I asked why he seemed in this much pain to be told he would be fine in a few days; colic is painful and printed off a data sheet for colic. I then questioned pain relief and he advised Reuben couldn’t have Calpol because of his age. I kept questioning him, so he got a senior doctor in to check Reuben. The senior doctor also came to the same diagnosis of colic and that we could go home. I asked for Calpol, to which he agreed he could have.
A short time after this, Reuben’s skin became mottled, so I asked for someone to check him. Half an hour later, a nurse came in to do his observations again, however this time at rest his heart rate was 195bpm and his temperature 39.6°C. At this point, Reuben went quiet and floppy. Luckily, the nurse knew straight away this wasn’t normal, and Reuben had an IV cannula put in, antibiotics, IV fluids, Calpol, a chest x-ray, a feeding tube put in and bloods taken.
Reuben was admitted to hospital, and they attempted a lumbar puncture. He was also put on two types of antibiotics to get a head start on whatever was fighting his body.

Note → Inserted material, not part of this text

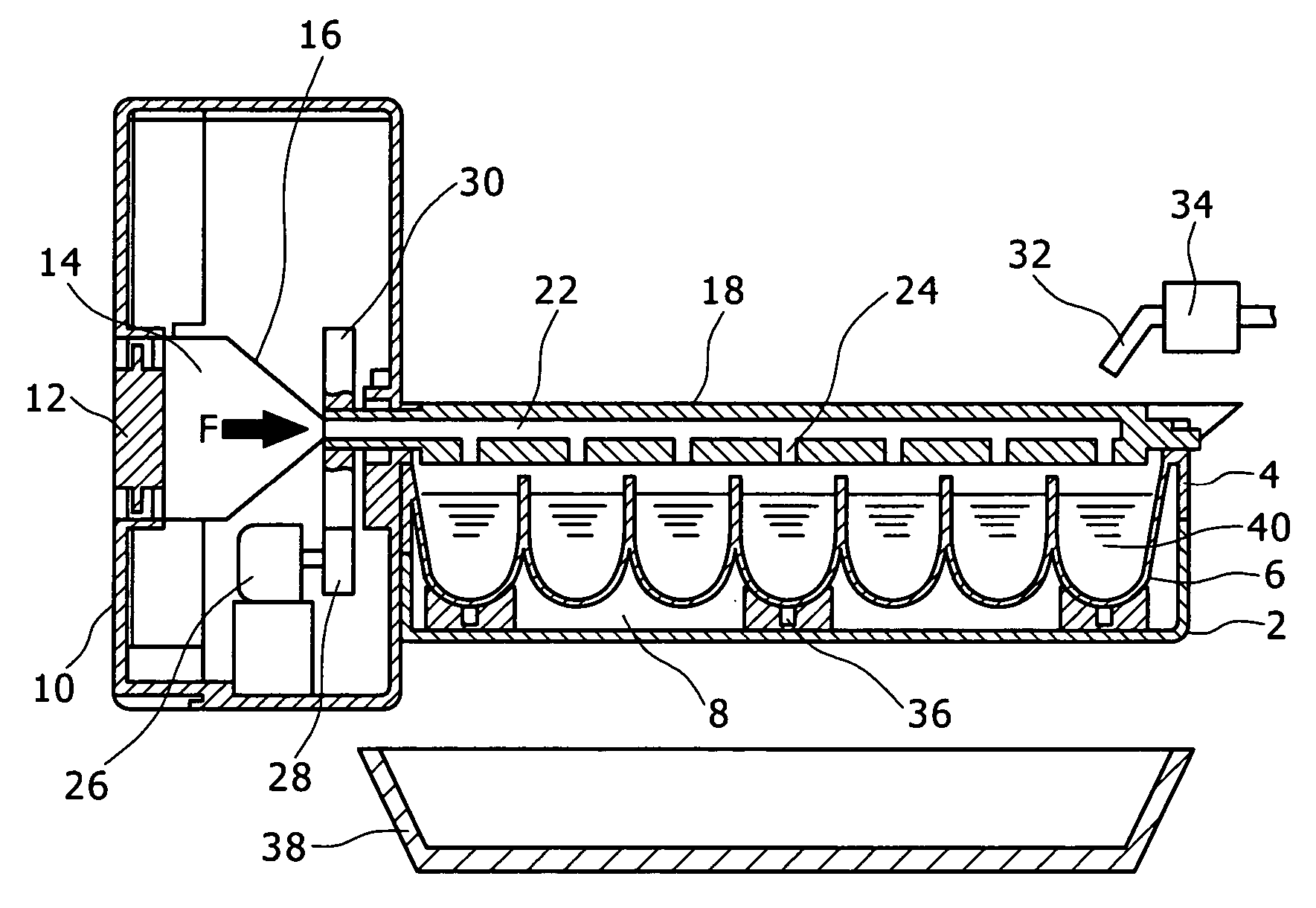 Automatic icemaker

The next day his heart rate kept dropping to around 85 bpm and oxygen to low 80s, so he was moved to the high-dependency unit and put on oxygen which helped. He started to improve, and he continued to improve as the days went on. Finally, after three days, we had the diagnosis – group B Strep sepsis. Meningitis couldn’t be confirmed as six lumbar punctures were attempted but failed. Reuben was put on a 14-day course of antibiotics to cover meningitis, just in case.
To say this was the scariest time of our lives is an understatement. We were absolutely broken as a family and didn’t know if Reuben would make it.
Reuben is now five months old and is a happy boy. We must still attend hospital appointments to make sure that, if it was meningitis, it hasn’t left any long-term side effects like hearing loss and seizures.
I found out about Group B Strep Support via an antenatal clinic poster and have been following on Facebook ever since. Unfortunately, I wasn’t swabbed for Strep B in pregnancy, nor had I ever heard of Strep B, and I want to shout from the rooftops, ‘please get swabbed’.”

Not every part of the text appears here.